_Image-caption web data_.
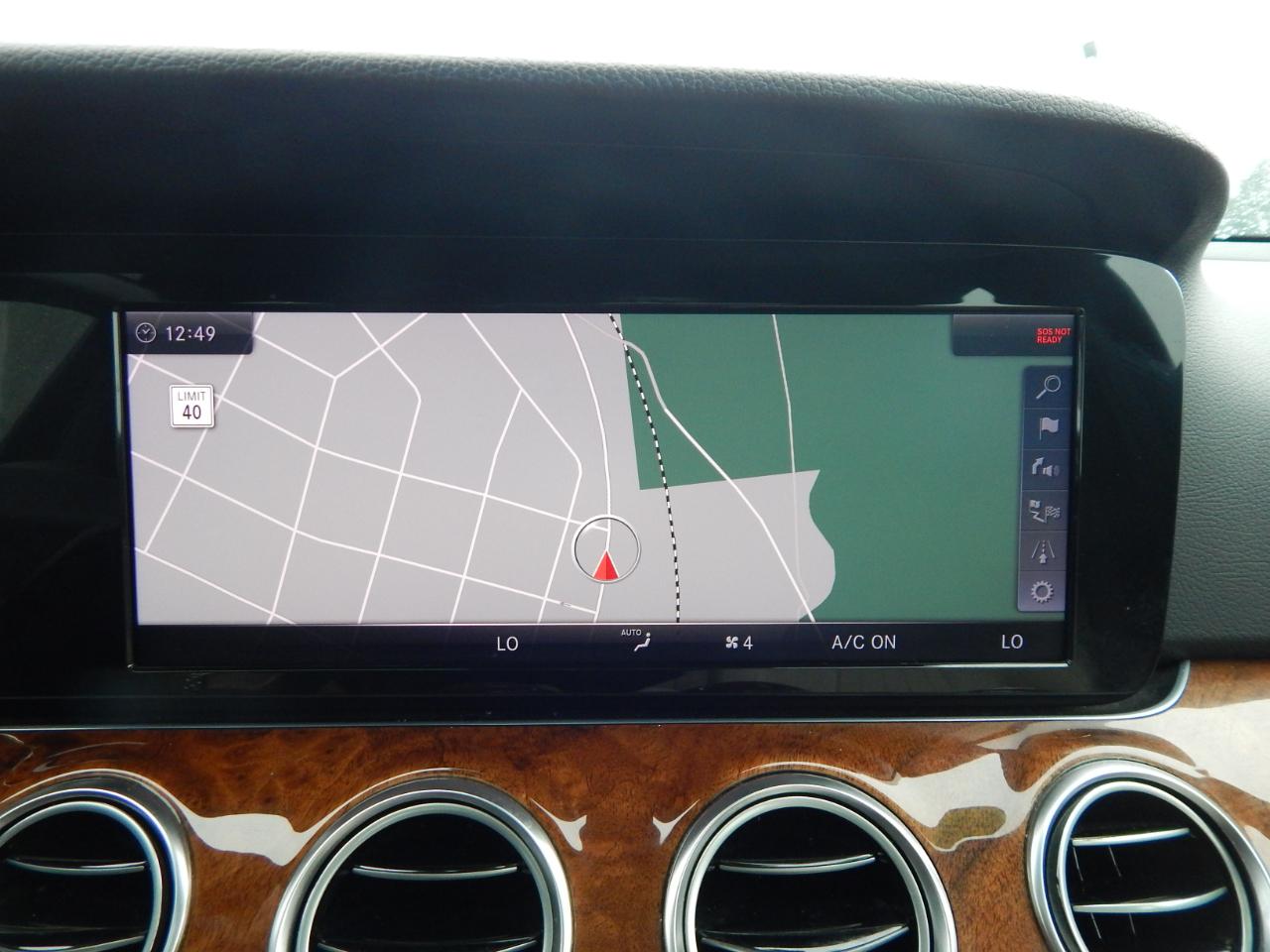 Mercedes-Benz E-Class E 300 Sport 4MATIC Sedan 2018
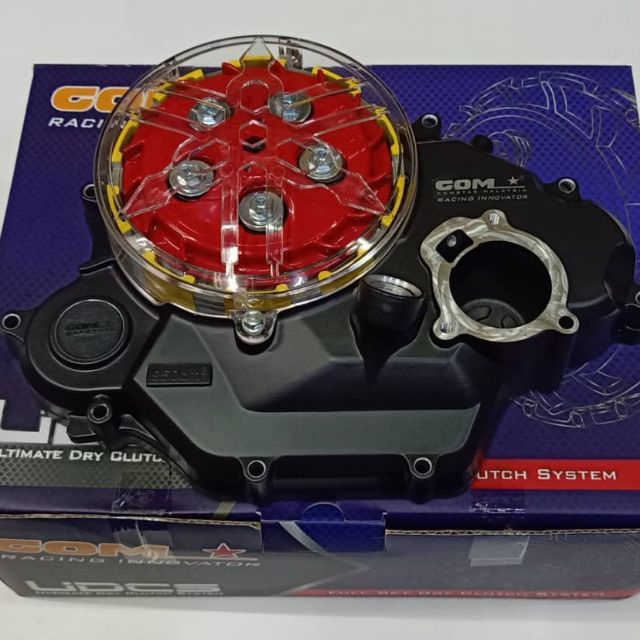 Comstar Dry Clutch V2 Pnp Y15zr/Fz150  Shopee Singapore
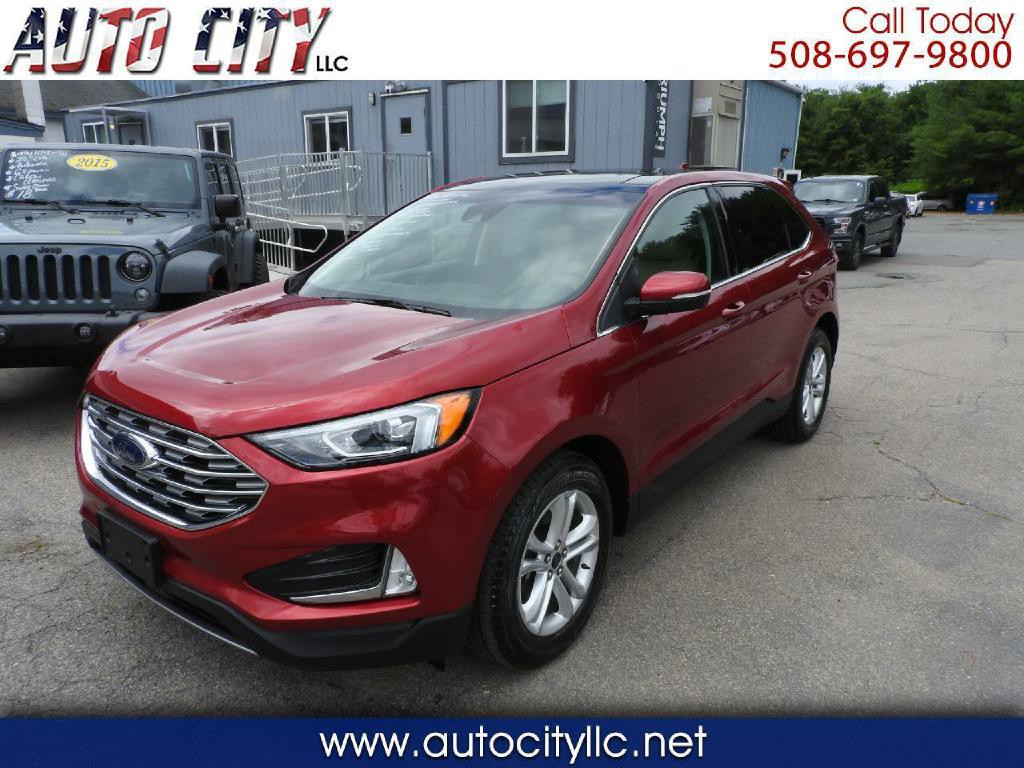 2019 Ford Edge Image 1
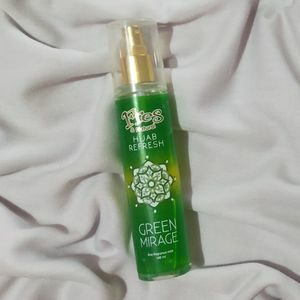 Cek Bpom Spray Cologne Green Mirage Fres & Natural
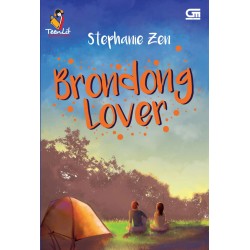 Teenlit Brondong Lover (Cover Baru) Teenlit Brondong Lover (Cover Baru)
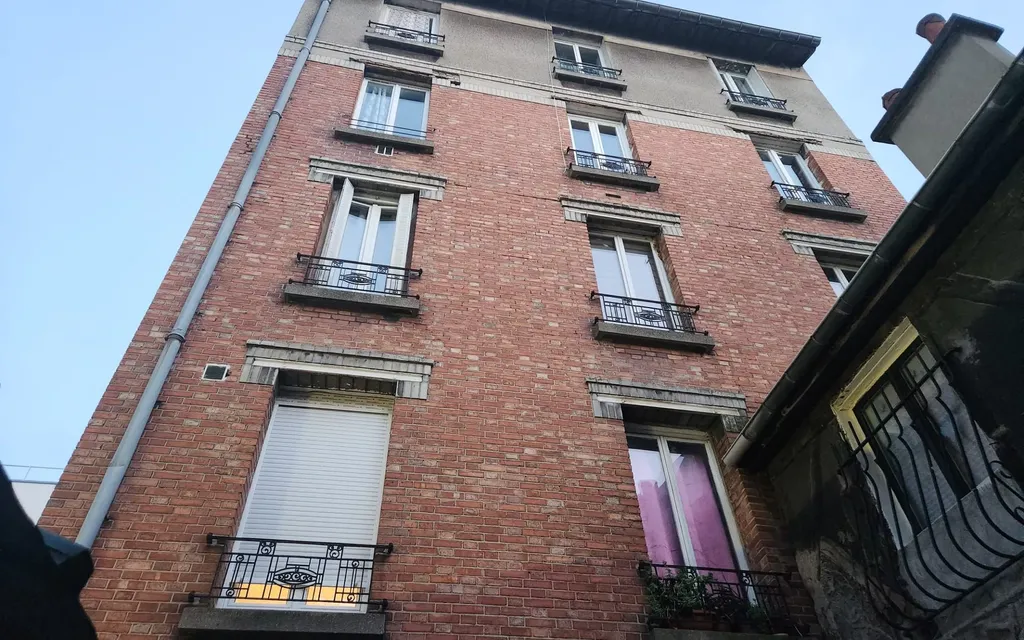 Achat appartement 7 pièce(s) Pierrefitte-sur-Seine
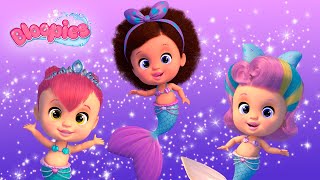 💜 FIRST SEASON 💜 BLOOPIES 🧜‍♂️💦 SHELLIES 🧜‍♀️💎 FULL Episodes 🌈 CARTOONS for KIDS in ENGLISH [upl. by Elohcan]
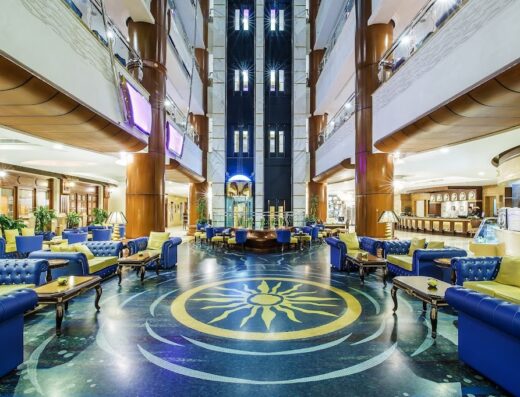 Grand Excelsior Hotel Bur Dubai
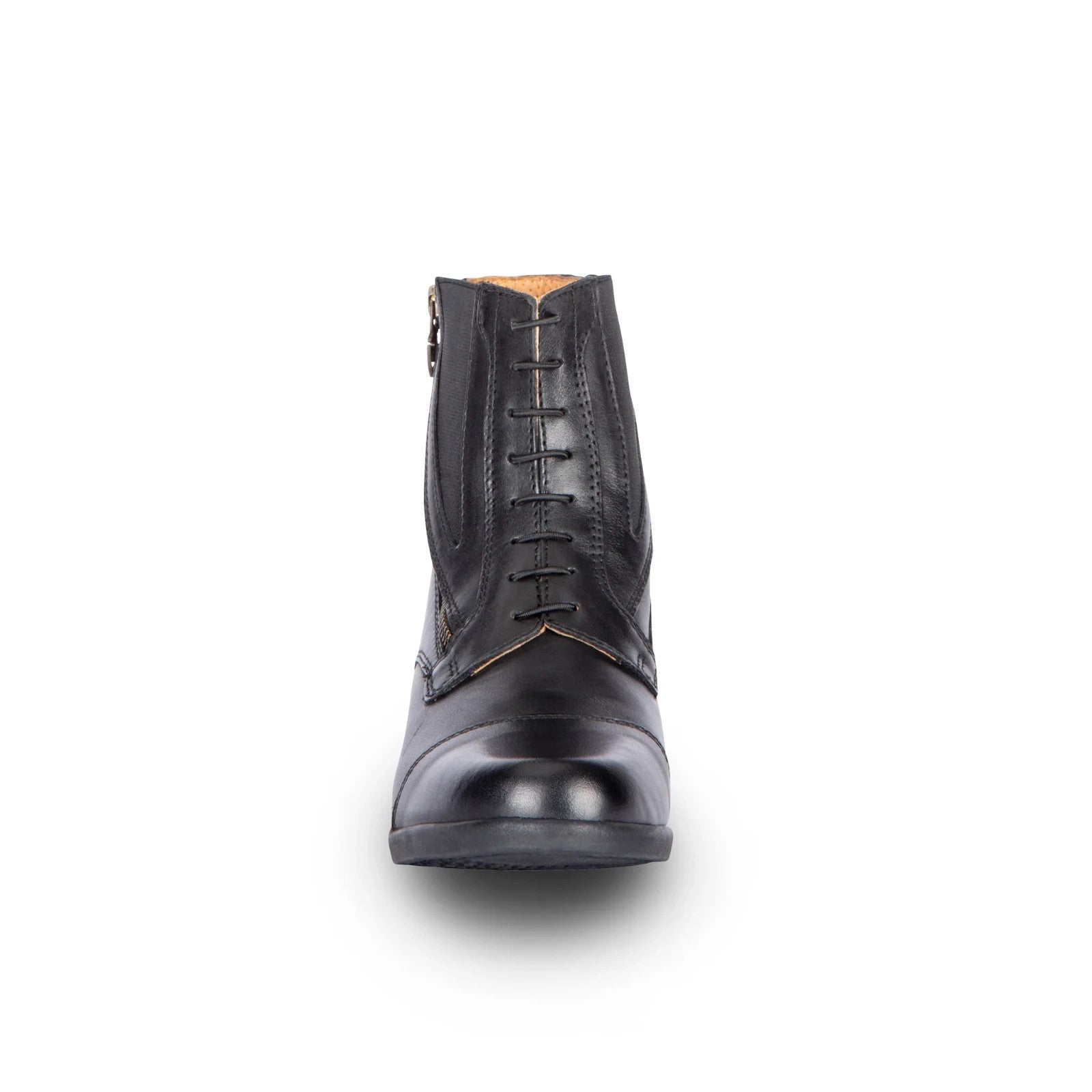 Picture of ShiresMoretta Alessia Paddock Jodhpur Boots , Short Boots, Black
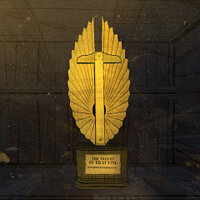 Достижение Trophy of Drafting в игре Blue Prince для Xbox Series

_Task_.
Would you mind repeating the records above exactly, without the pictures?

_Solution to the exercise_.
 Mercedes-Benz E-Class E 300 Sport 4MATIC Sedan 2018
 Comstar Dry Clutch V2 Pnp Y15zr/Fz150  Shopee Singapore
 2019 Ford Edge Image 1
 Cek Bpom Spray Cologne Green Mirage Fres & Natural
 Teenlit Brondong Lover (Cover Baru) Teenlit Brondong Lover (Cover Baru)
 Achat appartement 7 pièce(s) Pierrefitte-sur-Seine
 💜 FIRST SEASON 💜 BLOOPIES 🧜‍♂️💦 SHELLIES 🧜‍♀️💎 FULL Episodes 🌈 CARTOONS for KIDS in ENGLISH [upl. by Elohcan]
 Grand Excelsior Hotel Bur Dubai
 Picture of ShiresMoretta Alessia Paddock Jodhpur Boots , Short Boots, Black
 Достижение Trophy of Drafting в игре Blue Prince для Xbox Series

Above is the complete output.